Valeria Rebasti: During this first month of operations, we have observed excellent performances in all three Sardinian airports, speaking of punctuality and customer satisfaction. These results certainly reward the hard work of the Volotea team, who achieved the impossible in order to meet the needs of our customers in Sardinia. Obviously, this first period has also been a way of setting in, and we know that everything can be improved: for this reason, we keep working intensively, so we can offer our passengers a better service day by day, ensuring even better travel options for our clients.
Travel Radar: You mentioned that Volotea has already a strong presence in Sardinia. How is this PSO affecting your operations there (in terms of planes, staff, routes)? Are you planning extra capacity, new destinations from Sardinia as a consequence?
Valeria Rebasti: Sardinia has always been a key market for Volotea operations and development. Managing the PSO operations out of the island is for us a great opportunity to strengthen even more our presence, where we have 3 of our 8 Italian bases: Cagliari, Olbia and Alghero (the latter being recently launched). 7-8 of our Airbus planes, in total, are currently based across the three airports. Also, operating these flights is giving us the opportunity to support the economy and the labour market of Sardinia: just last month, we started the recruitment process for pilots and cabin crew positions, and, during this winter, we will deploy 200 employees in the three bases. We are also currently considering further development of the bases, to increase our network.
Travel Radar: With the PSO, you are now serving airports (Milan Linate and Rome Fiumicino) that are not typically the “small- and medium-size cities” where Volotea usually flies. Do you think the airline might consider boosting operations out of these airports, exploring new markets?
Valeria Rebasti: Rome Fiumicino is a debut for Volotea, while we operated out of Milan Linate last summer already. We will consider a reinforcement of our presence in these airports if we find the right opportunities. Volotea is continuously in the search of growth opportunities in diversified markets, but our core business will always be the same: to connect small and medium cities in Europe, improving connectivity in poorly served or unserved markets.
Travel Radar: How did the last summer go, in terms of passengers, revenue, operations? Competition is getting very fierce in the Italian market. How is Volotea coping with it?
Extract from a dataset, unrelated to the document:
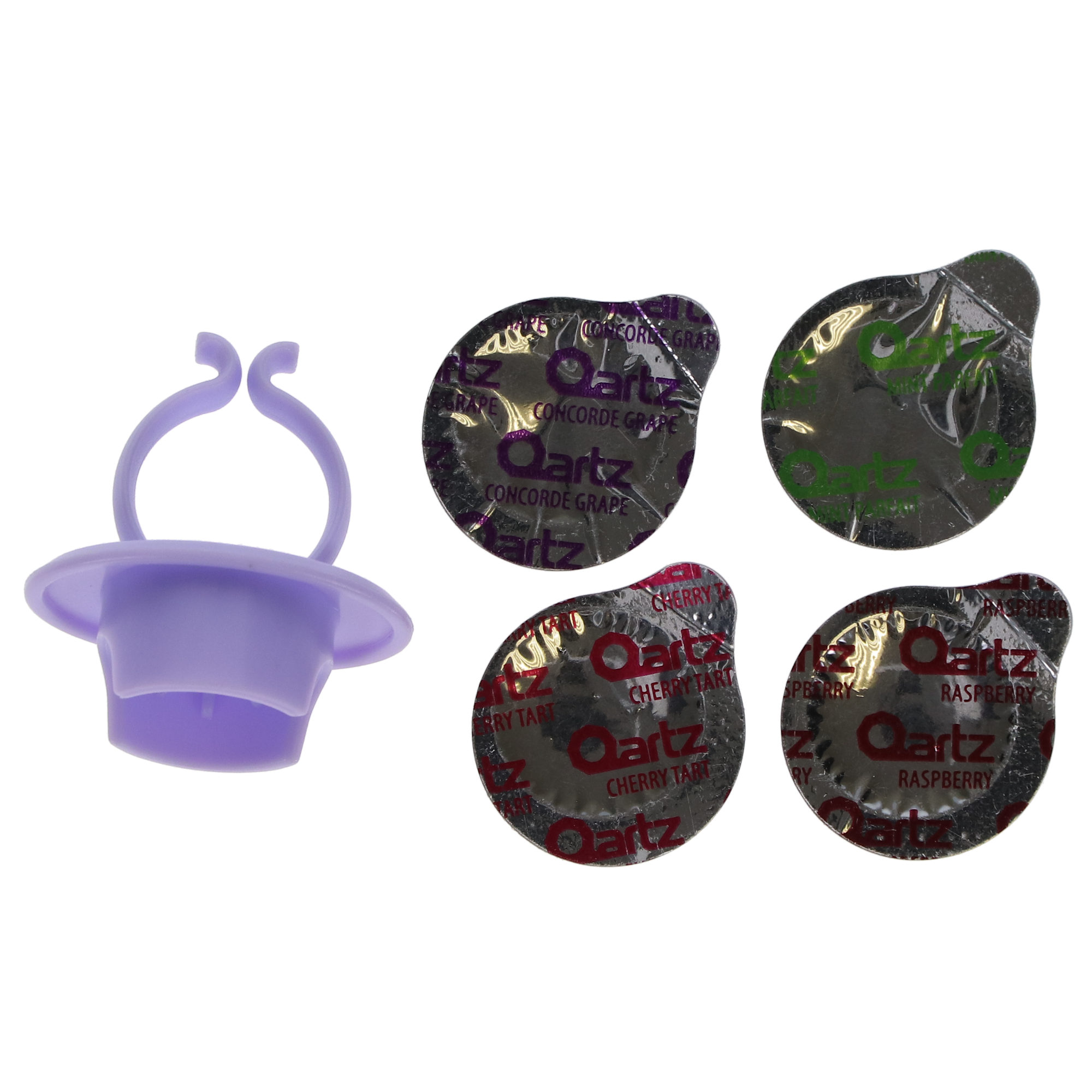 Qartz Prophy Paste Cups, 1.23% Fluoride Ion, Coarse, Assorted, 200/Box, 58-00225 image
Valeria Rebasti: Volotea, during last summer, has registered very good performances, closing the summer season with good growth. In the Italian domestic market, we have launched 9 new routes and increased our available seats by 65% compared to the previous summer, for a total of 1,7 million seats. We carried around 1,5 million passengers (+63%) and operated some 9800 domestic flights in Italy (+39%). We registered a very good load factor, too: 88%.
One success factor for us has been our fleet renewal: now it consists exclusively of Airbus A319 and A320, with more seats and better operating performance compared to our previous Boeing 717 fleet. We operated a total of 40 aircraft during the summer.
Results are, of course, still hit quite hard from the pandemic, but there have been very important signals of recovery, not only for us but for the whole industry.
I would like to emphasise that our company’s performance is the result of an attentive and precise strategy that we outlined in order to deal with the current situation: passengers have different needs and want now, and we shaped our offer based on them, focusing on domestic and insular connectivity. This shows that, following the excellent results we got during the summer in Italy and especially in Sardinia, our strategy has been (and is) the right one.
We want to thank Valeria Rebasti, Volotea Country Manager for Italy and Southeastern Europe, for her time and her insights, and we wish Volotea many safe landings!